** Task to complete **
No pictures go into the copy. Write out exactly the lines below from the one containing "Bored Pile Wheel" through the one containing "Caramel & Cie Sac Papillon Paillette Or".

** Records **
== == ==

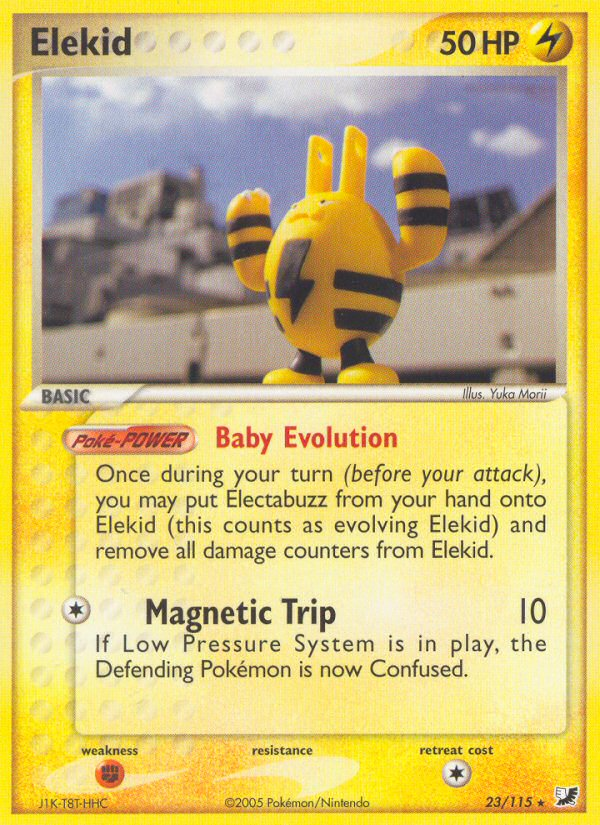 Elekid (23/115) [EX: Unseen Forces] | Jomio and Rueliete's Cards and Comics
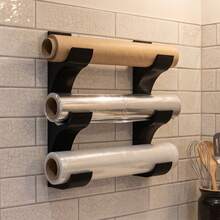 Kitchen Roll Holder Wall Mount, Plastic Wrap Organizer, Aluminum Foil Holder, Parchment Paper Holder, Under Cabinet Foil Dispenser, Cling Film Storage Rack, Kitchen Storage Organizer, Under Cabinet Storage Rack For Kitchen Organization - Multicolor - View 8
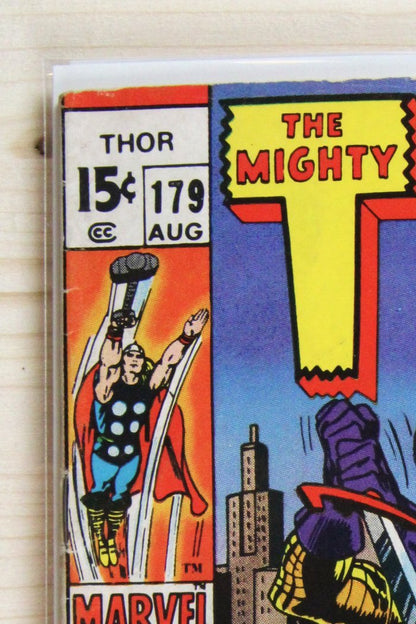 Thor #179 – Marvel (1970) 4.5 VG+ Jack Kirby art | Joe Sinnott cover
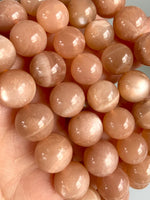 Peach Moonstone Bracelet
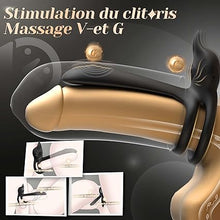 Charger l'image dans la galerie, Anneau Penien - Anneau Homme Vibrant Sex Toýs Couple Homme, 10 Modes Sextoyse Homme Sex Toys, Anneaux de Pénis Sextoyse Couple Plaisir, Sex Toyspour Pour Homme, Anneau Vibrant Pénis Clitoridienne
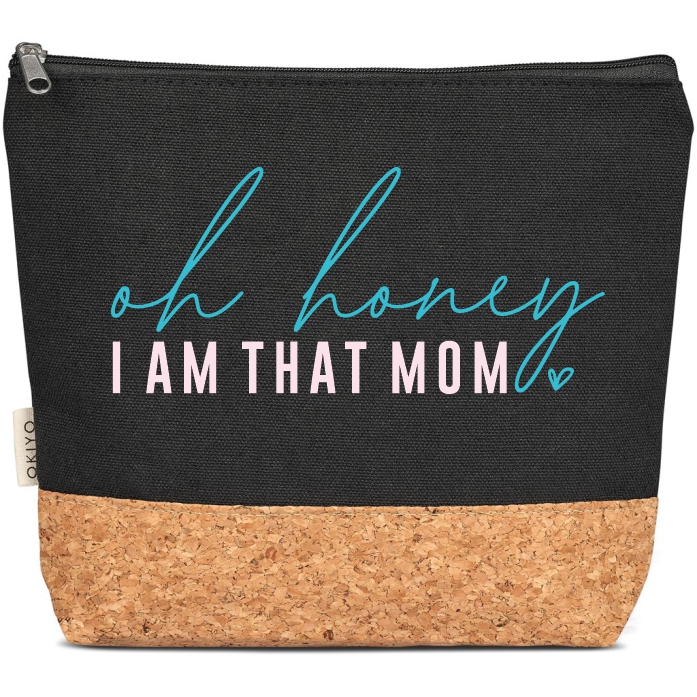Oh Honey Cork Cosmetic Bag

== == ==

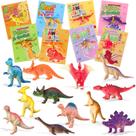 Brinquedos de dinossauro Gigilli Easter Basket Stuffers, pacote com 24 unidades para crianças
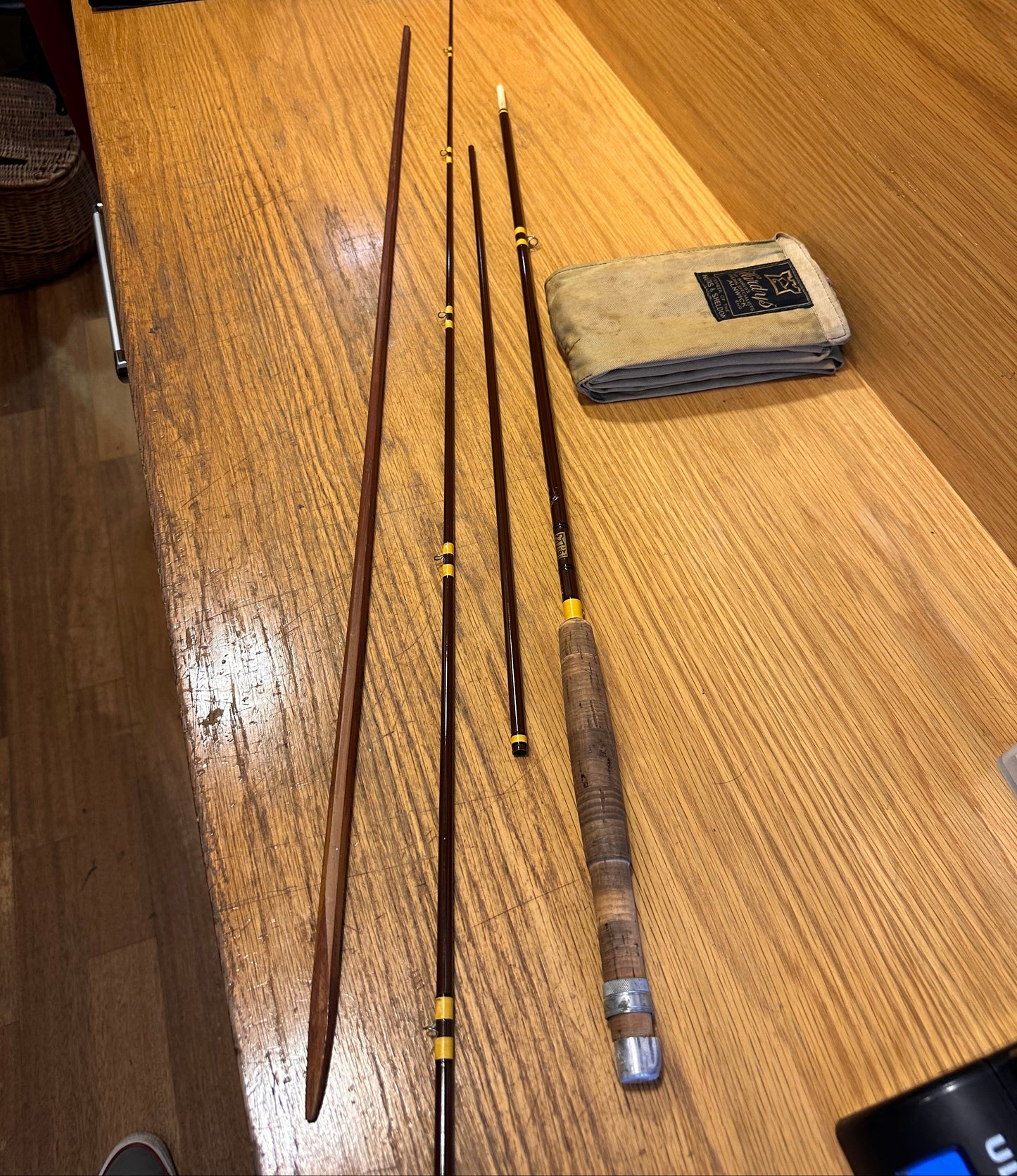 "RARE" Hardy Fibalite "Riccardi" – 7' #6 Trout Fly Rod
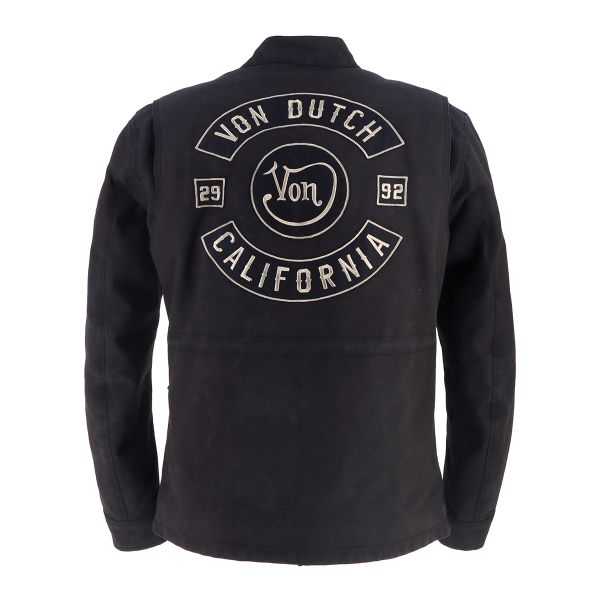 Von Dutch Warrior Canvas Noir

== == ==

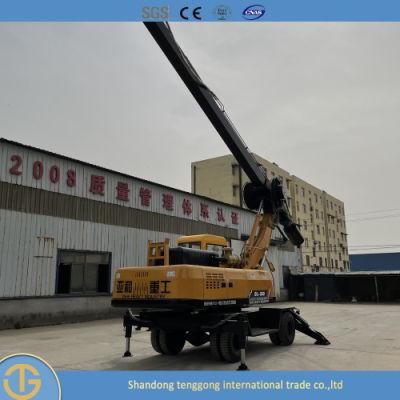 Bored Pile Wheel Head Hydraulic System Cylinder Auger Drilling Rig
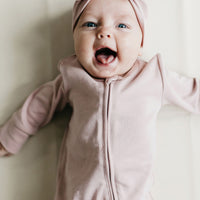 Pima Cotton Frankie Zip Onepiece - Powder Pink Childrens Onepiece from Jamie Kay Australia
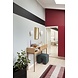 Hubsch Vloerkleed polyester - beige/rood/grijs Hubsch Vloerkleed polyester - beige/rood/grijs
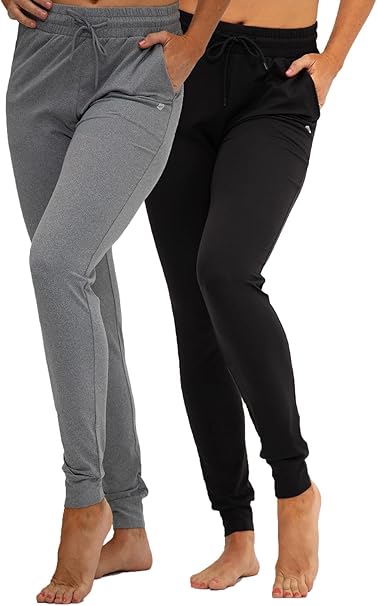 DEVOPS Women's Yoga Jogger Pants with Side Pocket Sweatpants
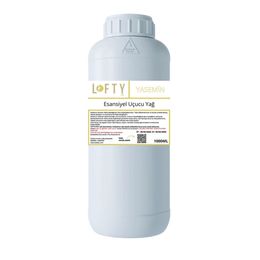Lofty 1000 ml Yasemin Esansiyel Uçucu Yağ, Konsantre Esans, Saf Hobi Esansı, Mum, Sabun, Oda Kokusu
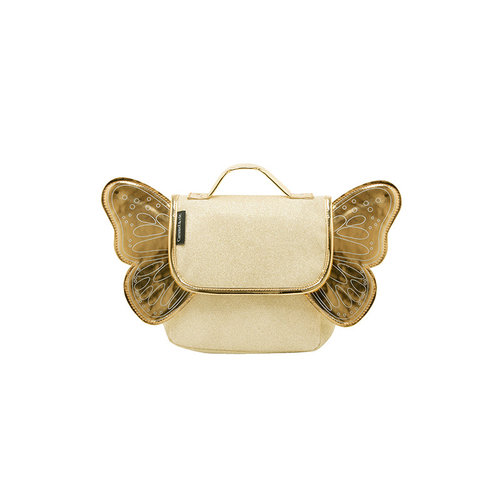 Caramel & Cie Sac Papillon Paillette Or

== == ==

** Answer space **
 Bored Pile Wheel Head Hydraulic System Cylinder Auger Drilling Rig
 Pima Cotton Frankie Zip Onepiece - Powder Pink Childrens Onepiece from Jamie Kay Australia
 Hubsch Vloerkleed polyester - beige/rood/grijs Hubsch Vloerkleed polyester - beige/rood/grijs
 DEVOPS Women's Yoga Jogger Pants with Side Pocket Sweatpants
Lofty 1000 ml Yasemin Esansiyel Uçucu Yağ, Konsantre Esans, Saf Hobi Esansı, Mum, Sabun, Oda Kokusu
 Caramel & Cie Sac Papillon Paillette Or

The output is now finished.